Vivre à propos:qu'est-ce au fond? C'est d'abord se donner entier à ce qu'on fait, aimer la vie en chacun de ses instants, faire preuve à son sujet d'esprit d'à propos, l'accueillir et la goûter comme elle vient, inégale, capricieuse, imprévisible, avec ses moments intenses mais aussi les mornes étalements de son cours, quand il semble que rien ne se passe.
En castillan "retraite" se dit "jubilation". Voilà qui est clair.
Le plus grand dérèglement de l'esprit, c'est de croire les choses par ce que l'on veut qu'elles soient, et non par ce qu'on a vu qu'elles sont en effet.
(Bossuet)
Ne pense pas comme ça t'arrange.
(Jean Riboud Président de Schlumberger à son fils.)

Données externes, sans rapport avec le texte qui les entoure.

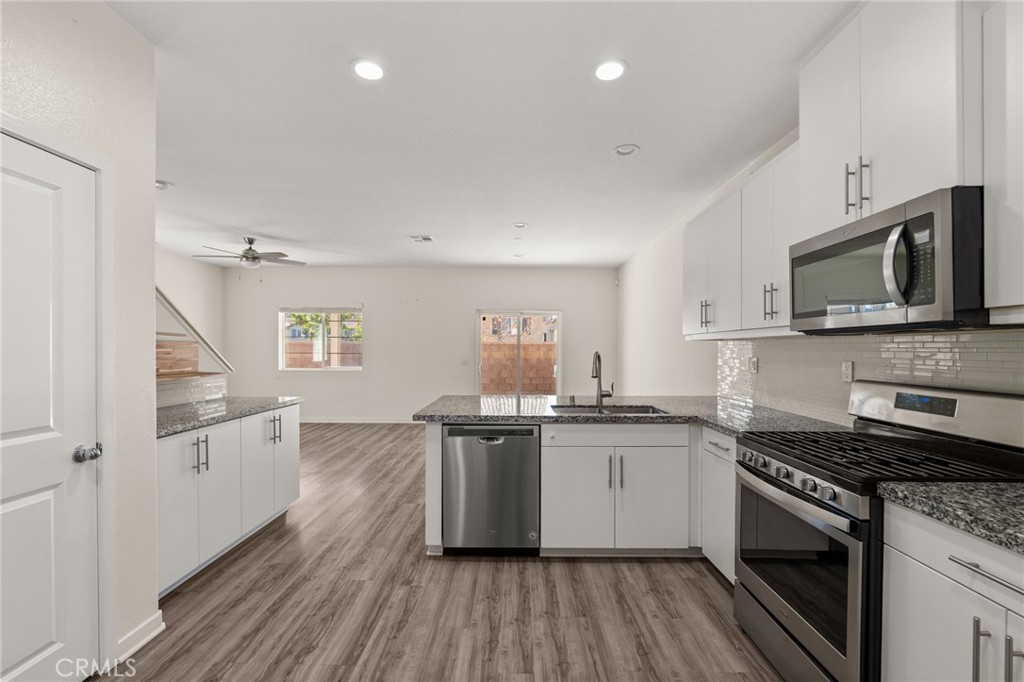 Residential Lease for rent at 27463 Caprock, Moreno Valley CA featuring 3 beds and 3 baths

Je ne manquais pas d'oeil, ni de sensibilité mais mon ignorance était totale et mon éveil fut tardif. Allant pour la première fois en Italie à dix-huit ans, en 1950, à l'occasion de l'Année sainte, je fus impressionné par l'architecture, qui, grâce peut-être à l'hérédité d'une famille paternelle de maçons, m'a intéressé dès l'enfance; en revanche, je dois confesser que la peinture me laissa assez indifférent, qu'il s'agisse des fresques de Giotto à Assise où commença notre voyage, des musées du Vatican que nous parcourûmes au pas de charge, ou des Offices où je fus plus impressionné par les vues qu'offre la galerie du musée sur le Palazzo Vecchio et sur l'Arno que par les cimaises. Non seulement les noms de Ghirlandajo et de Botticelli même ne me disaient pas grand-chose, mais, tout simplement, je ne savais pas regarder et je n'avais personne près de moi, maître, parent ou ami, pour me donner d'utiles leçons. J'en recevrai plus tard de gens de métier qui, beaucoup plus que les livres, m'aideront à lire un tableau, y compris des astuces comme celle que m'a apprise un jour Jean Lescure à l'Académie, à Venise, et qui consiste à utiliser des jumelles de théâtre pour isoler et goûter un détail.
Chapitre IV, La fréquentation des oeuvres, p183-184.